For our Building Trust Programme in 2019, we worked on three areas. These include:
Engaging key stakeholder groups - corporates, influencers and the youth
Working with experts to enhance the Awards methodology
Broadening the trust conversation to startups
Since 2015, PwC Malaysia has been engaging various stakeholders on the importance of trust in business through the Building Trust Awards and the Trust Builders Challenge. Beyond the Awards and the Challenge, the wider Building Trust programme works to sustain the conversations by sharing our points of view on trust in business issues in the media.
We've continued to build on these discussions in 2018 and 2019, and have seen these conversations reflected across companies, the general public, the media, students, as well as a new segment, the startup community.
The first of its kind in Malaysia, the Building Trust Awards measures trust beyond the financials of the companies assessed. The Awards look at how top public-listed companies build trust with their stakeholders from two key perspectives; the company’s communication of value creation, and their trust perception among their internal (employees) and external (consumers, investors, analysts, the media, general public) stakeholders.
The root of our Awards can be traced to PwC’s Purpose: “To build trust in society and solve important problems.” The Awards act as a springboard for discussion by directing a focus on trust, a valuable asset for any organisation which is not only to be talked about, but measured.
We ran the Building Trust Awards in 2015, 2017 and recently in July 2019. We were pleased to welcome nine new companies to the 2019 BTA finalists pool of 20 - an indication of greater awareness and improvements in the quality of value creation stories being told through companies’ annual reports. Key outcomes from the 2019 Awards are listed in the call-out boxes on the right.
We had four independent judges on the panel this year, each from a different segment of society: a standard setter, a humanitarian, a media entrepreneur and a corporate leader. Their diverse experiences contributed to a robust and dynamic discussion at the judges’ meeting around the trust-building efforts displayed by the 20 finalists. One of the new judges had this to say about the Awards:
“As a leader, it’s interesting to see what factors are being taken into account, what makes people trust a certain company, what makes an employee trust you as an employer. So I went in viewing it as a learning experience and I certainly learnt much in my role as a judge.”

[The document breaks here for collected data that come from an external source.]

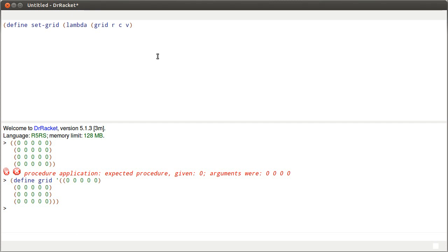This function is going to run through the grid and find the correct row. It's basically going to look and say: is this the row I want to change? And so I'm going to say, if equals r 0 — so if we get to the point where our row variable is equal to 0.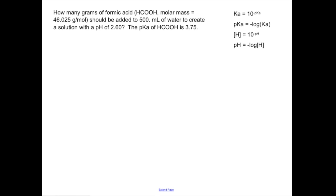Hello, everybody. Today we are going to do a sample problem where we are going to deal with a weak acid and calculate the pH of a solution. The problem reads: how many grams of formic acid — giving us the formula and molar mass — should be added to 500 mL of water to create a solution with a pH of 2.6?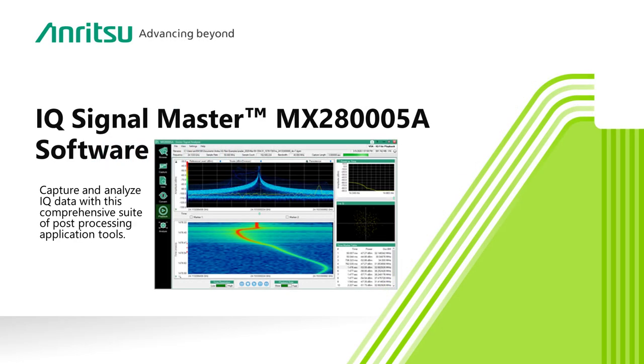An overview of Anritsu's IQ Signal Master software suite, a complete set of applications running on a standard Windows PC to help you capture, import, and organize your IQ data files, play back IQ files with fine time resolution and spectrogram displays, and analyze IQ data sets to measure common modulation standards and view 5G frame data.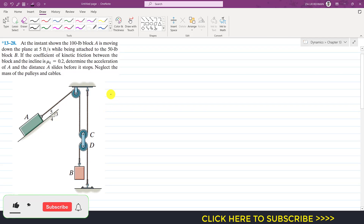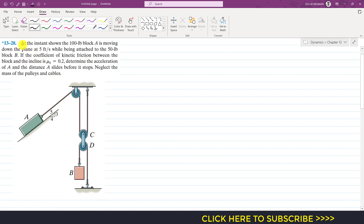Hello students, welcome to Engineers Academy. Kindly subscribe my channel if you haven't subscribed yet. Now let's solve this particular problem. It is said that at the instance shown, the 100-pound block A is moving down the plane at 5 feet per second — this is the velocity of the block — while being attached to the 50-pound block B. We are required to determine the acceleration of A and the distance A slides before it stops.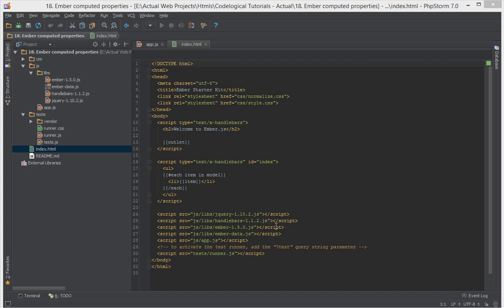Hello everyone, this is Lamin Zane of CodeLogical and in this video we're going to have a look at how to create computed properties.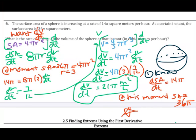Working through a related rate problem is a process: draw a picture, identify what you know and what you're asked for, figure out which equations to use, implicitly differentiate with respect to t, substitute in what is happening at that moment, and find the required rate of change. Practice is essential — do the homework problems, find extra practice online, look at the review for section 2.4, and ask questions in class.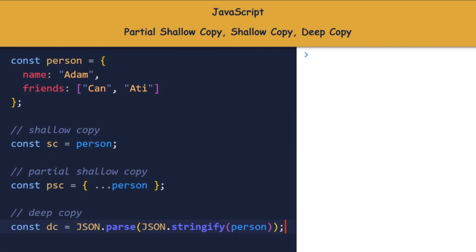The first one is a shallow copy. sc and person are using the same reference. If one of them is modified, the other will also be affected.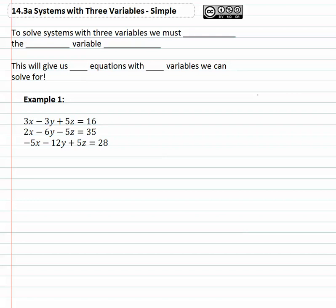In this video we're going to take a look at solving systems that have three variables and three equations in them. The strategy for finding the x, y, and z that makes all three equations true is we must eliminate the same variable twice. That means if we pick the y's, we get rid of the y's twice, giving us two equations that only have x and z in them. We know how to solve equations with two variables, so we'll use elimination again.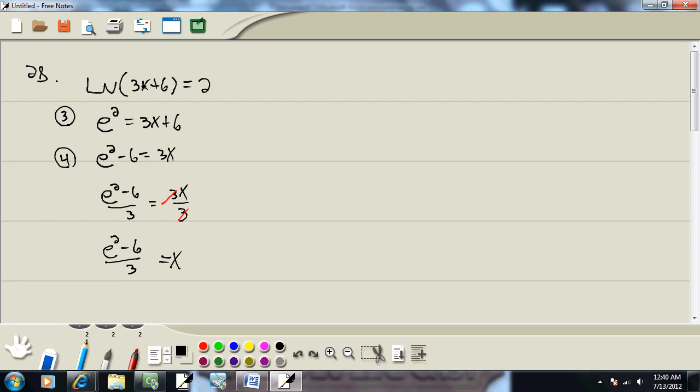Now if I were to plug this back in for x, the 3s would cancel, the negative 6 plus 6 would cancel, and I'd have e squared, which is not 0 and it's not negative. So it checks.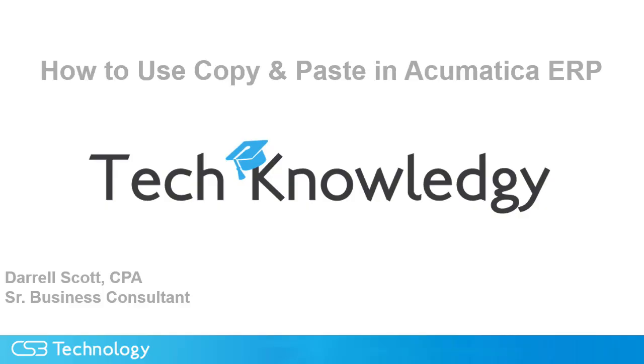The technology tip for today is how to use copy and paste in Acumatica ERP. Acumatica provides the copy and paste function in a large number of its data entry and maintenance screens. Once you become familiar with what you can do with this functionality, you can save a lot of time taking advantage of this feature.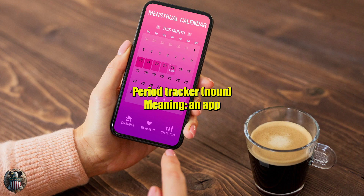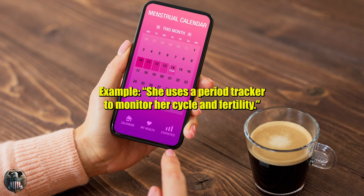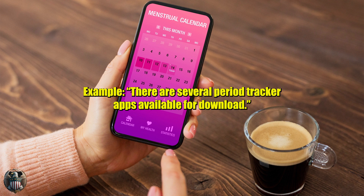Period tracker (noun): an app or tool used to record and predict menstrual cycles and related symptoms. Example: She uses a period tracker to monitor her cycle and fertility. Example: There are several period tracker apps available for download.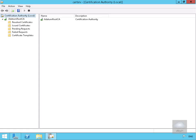In this demonstration we're going to look at modifying certificate templates. We've come into a certification authority management utility and we're now going to come in and have a look at the certificate templates.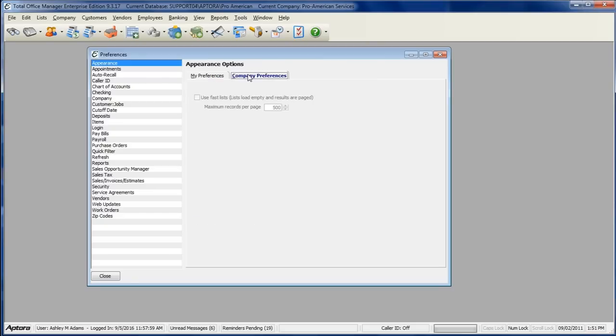The Company Preferences tab applies to everybody that uses the software, and only the administrator user can set the company preferences.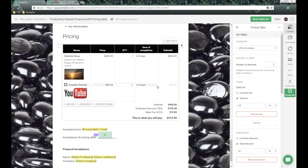That's pretty much all the standard options we have for pricing tables. It's very customizable and configurable for your individual needs — lots of different options. Please be sure to take a look at those; they can certainly help you get it configured. If you have any questions, please let us know.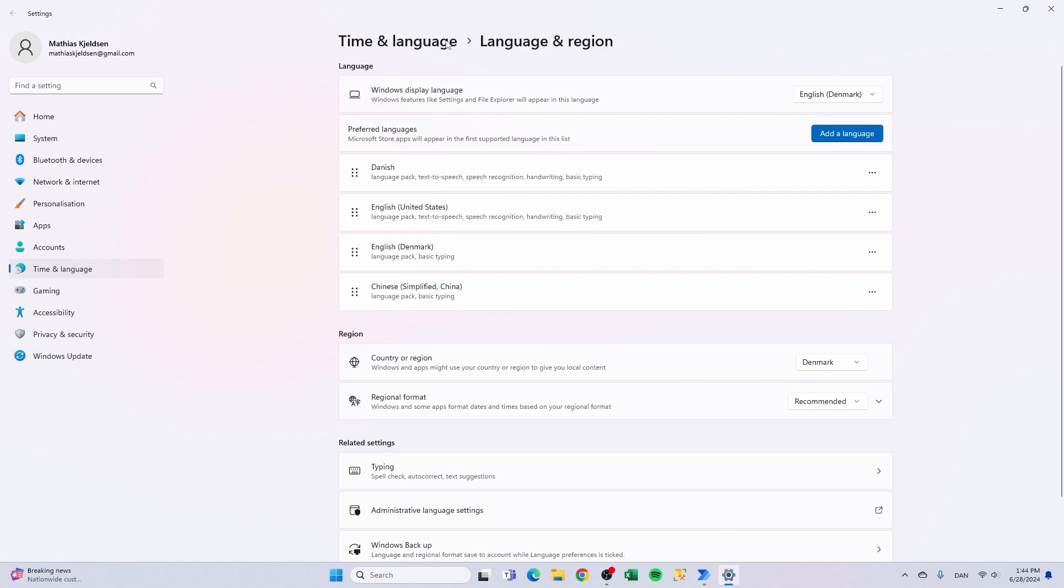It's in English but my preferred language, the preferred language that I have on top is my Danish.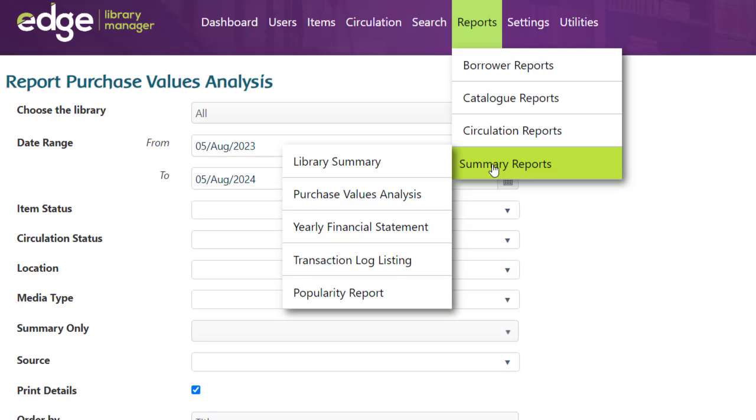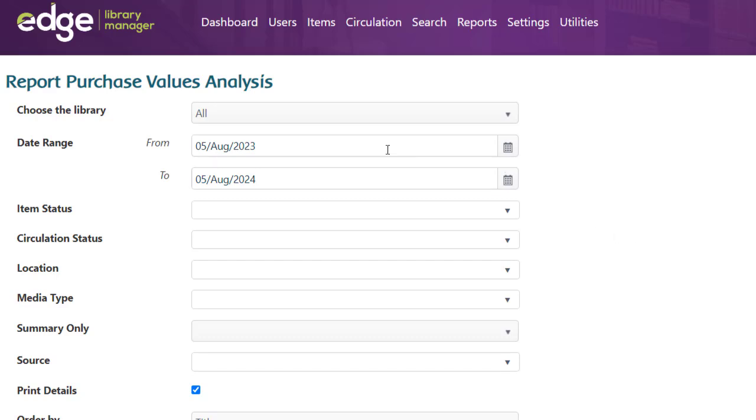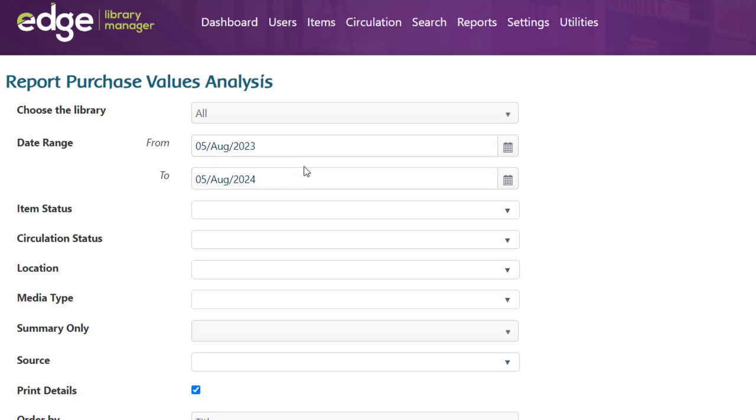In here, you can choose the Purchase Values Analysis and then fill in the date range that you'd like to look at. In this case, I'm going to have a look at all the items that have been purchased in the past year, but you can go back several years or just months if you want to.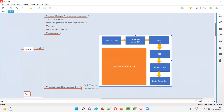Once the code gets converted to the common language, CLR — one of the components of .NET — comes into picture. Inside CLR, which stands for Common Language Runtime, there is a sub-component called the JIT compiler. The JIT compiler will convert this intermediate language — the common language code — into native code.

The Trust Builders Challenge is a platform for Malaysian university students to present their views on trust, based on a trust crisis involving a hypothetical business.
We are proud to note the increase of public university participation over the last two years. The overall decline in participation from 2017 was due to the change in requirements where teams had to submit a video to qualify for the challenge.
Since its inception in 2017, we have seen an increase in students’ understanding of why trust matters in business after joining the Challenge.
What the participants and mentors have to say about the Challenge:
The challenge provided me with key insights into the core foundation of any business - trust. Though intangible, trust is imperative in its role in governing business transactions and relationships.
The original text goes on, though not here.